Women’s march on Orcas

  • Thu Jan 19th, 2017 2:32pm
  • News

Numerous Orcas Island women and children are amassing in Washington, D.C., Seattle, Friday Harbor and Eastsound, for the Women’s March on Washington this coming Saturday, Jan. 21, the day after President-elect Donald Trump’s inauguration.

The protest, which originally was called the Million Women’s March, is an opportunity to connect with those who are disturbed with the election results, and according to organizers, is open to all: male, female, transgender, as well as seeking to support those targeted by Trump’s rhetoric, including women, immigrants, and Arab-Americans, among others. All are welcome at the demonstrations, which will convene across the country and abroad. They will be in homage to the demonstrations of the Civil Rights Movement, silent, hand in hand, strong and proud.

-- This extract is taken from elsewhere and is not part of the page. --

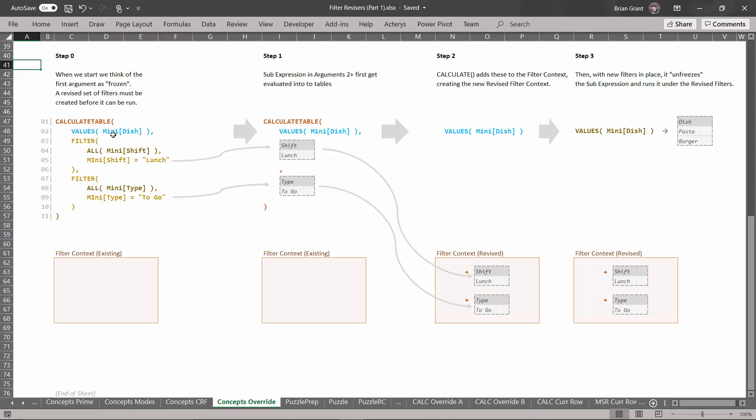So because this is a table value sub expression we have to use the calculate table function. Otherwise it's exactly the same. But again just so you can see it twice because I think it's kind of useful.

One fun aspect of the march is the knitting of “pussy hats,” pink stocking caps with kitty ears, for women to wear across this country. Mine is being shipped from Buffalo, New York, by an old friend from college. A group also met here on Orcas to knit for the community of women and children who are attending the events.

I spoke to some Orcas Island women, supporters of either Bernie Sanders or Hillary Clinton, about their reasons for marching and uniting.

Marguerite Greening is traveling to Seattle as part of Women of San Juan County, a group that formed after the election results to take local action and improve our community. They will be part of the roll call at the beginning of the Seattle march and ask all from San Juan County to join them. They have made a banner, “With Liberty and Justice for All,” to represent our islands.

Anji Ringzin is part of a group of friends also going to Seattle. She says, “I’m marching as an expression of my dismay the election process and result. My sign will say Let Women Rise. My granddaughter, Eve, will be with us. Her sign says Love, Love, Love! Eve says eleven kids in her Salmonberry class are going.

Some of us will be meeting at the University Street station on Saturday morning at 9 A.M. and taking light rail to the event start place. We have exchanged cell phone numbers in the hope that we will find other members of our group. I’m hoping the march will not be scary, especially because we have children with us, and that it sends a strong message that we are alarmed with the election results.”

Cindy McGrady, another Orcas islander, relates this: “I am marching in Seattle with my son and college-age granddaughter and grandson. I believe that all we hold dear in our country is under threat including freedom of speech, a free press, the environment, reproductive rights and democracy. As citizens, it is our responsibility to stand up for future generations.”

As for me, I am traveling to Seattle to join with other women who feel pain and worry about the results of the election. The repeal of Obamacare, for one, will be felt deeply throughout our community. Trump offers a terrible example to mothers who are raising children, especially, teens. My sign is a reference to an old Radiohead song: “Karma Police: Arrest This Man.”

Doe Bay staff members Sara Brown, a photographer, and Courtney Berne, an actress, are flying to Washington D.C. for the march.

If you are interested in joining the events in the region, here are the details:

Seattle: A large contingent of Orcas islanders are taking the 3:40 p.m. ferry on Friday and car-pooling to Seattle. Meet at the docks. Or meet at University Street Station in downtown Seattle to traverse to Judkins Park, the starting place for the march, in South Seattle, at 9 a.m. on Saturday. The closest light rail stop is Mount Baker. The march begins at 10 a.m., proceeds north through downtown and ends at Seattle Center.

Friday Harbor: Events begin at noon. Gather at the courthouse lawn (read The Journal’s article on the event here).

Eastsound: Emmanuel Episcopal Church at 12:15 p.m. The plan is to walk the labyrinth.